Free mtb suspension kinematics app for Macs

Hello World,

After struggling away with virtual machines, I’ve built (by built, I mean, harassed Claude™️ into writing almost ALL the code for) an app to help me design a mono-pivot suspension bike on a Mac, with some idler options.

i’ve never used GitHub before, but I think this file hosting arrangement should work? if it doesnt and you know why, or if you have any important/strong recommendations, maybe DM me? I’ve tried to just upload a zip of the app direct to the forum but no luck, but iin either available download (follow the link) there should be; a) all the source code (i used Xcode, maybe you can too) , b) a licence, and c) an actual copy of the published app that /should/ simply run on a modern Mac, (im on an m3 processor running Tahoe 26.2, and don’t know my way around.)

i’ve built one app before ever (edit, that was a lie, i’ve built three, but never released one,) so this is probably pretty ropey, im trying pretty hard to release this under an AGPL-3.0 licence you can read here. My intent and understanding is that under this licence people can use this to work from and build off it, but they must credit the work done so far, and they must publish it all openly under these same rules.
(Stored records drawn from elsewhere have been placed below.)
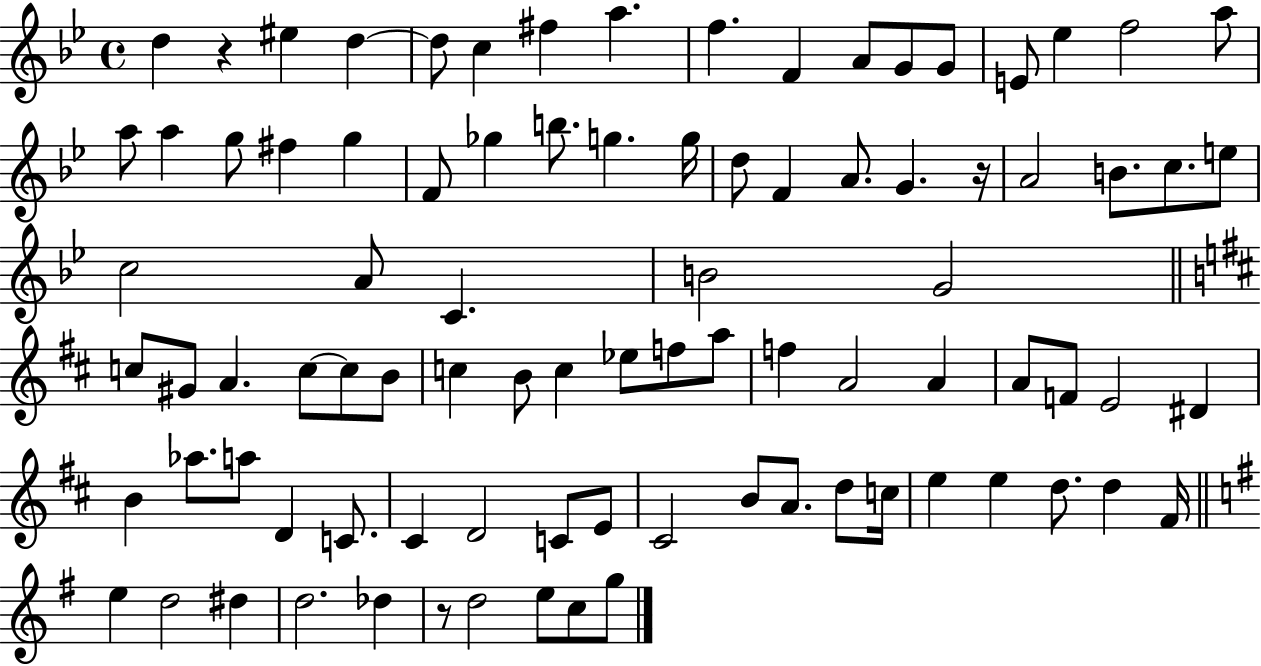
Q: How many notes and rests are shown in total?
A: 89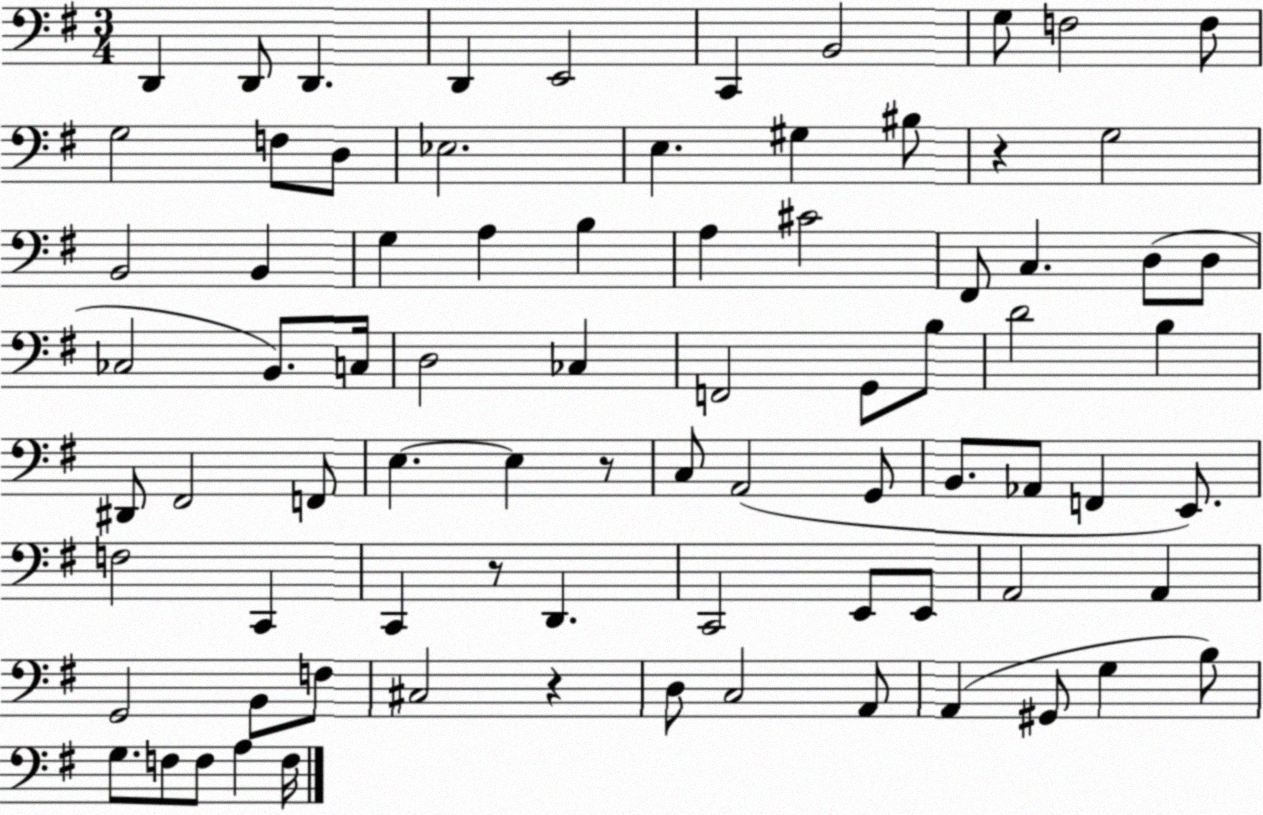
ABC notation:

X:1
T:Untitled
M:3/4
L:1/4
K:G
D,, D,,/2 D,, D,, E,,2 C,, B,,2 G,/2 F,2 F,/2 G,2 F,/2 D,/2 _E,2 E, ^G, ^B,/2 z G,2 B,,2 B,, G, A, B, A, ^C2 ^F,,/2 C, D,/2 D,/2 _C,2 B,,/2 C,/4 D,2 _C, F,,2 G,,/2 B,/2 D2 B, ^D,,/2 ^F,,2 F,,/2 E, E, z/2 C,/2 A,,2 G,,/2 B,,/2 _A,,/2 F,, E,,/2 F,2 C,, C,, z/2 D,, C,,2 E,,/2 E,,/2 A,,2 A,, G,,2 B,,/2 F,/2 ^C,2 z D,/2 C,2 A,,/2 A,, ^G,,/2 G, B,/2 G,/2 F,/2 F,/2 A, F,/4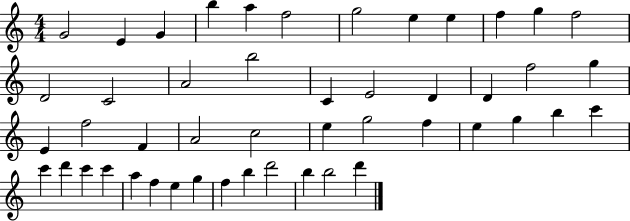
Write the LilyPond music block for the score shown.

{
  \clef treble
  \numericTimeSignature
  \time 4/4
  \key c \major
  g'2 e'4 g'4 | b''4 a''4 f''2 | g''2 e''4 e''4 | f''4 g''4 f''2 | \break d'2 c'2 | a'2 b''2 | c'4 e'2 d'4 | d'4 f''2 g''4 | \break e'4 f''2 f'4 | a'2 c''2 | e''4 g''2 f''4 | e''4 g''4 b''4 c'''4 | \break c'''4 d'''4 c'''4 c'''4 | a''4 f''4 e''4 g''4 | f''4 b''4 d'''2 | b''4 b''2 d'''4 | \break \bar "|."
}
this licence is pretty language heavy but the intent is for people to feel pretty free to open and mess around with this, and if they develop something, then they share it all too, I guess with notes? i think its good practice to put the notes up the front in each .swift files code, though I might be completely wrong about this.
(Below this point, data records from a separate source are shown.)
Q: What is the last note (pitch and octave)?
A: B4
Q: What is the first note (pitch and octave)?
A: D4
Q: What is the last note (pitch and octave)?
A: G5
I guess im sharing this and hoping this is handy for someone else, or even inspires someone to build off it, try adding a feature etc, fix something i’ve missed etc. ideally a bit of input might build this into something pretty useful, but like, Im totally guessing, Claude is hallucinating, and we’re all busy right?

Mono-pivots FTW ( for now at least, I guess).

The code might be pretty bad, but im hoping the app its-self is pretty intuitive to use; its pretty basic. note one thing that may not be immediately clear, is that you can save a design as a pretty basic (JSON) file type and then open it later.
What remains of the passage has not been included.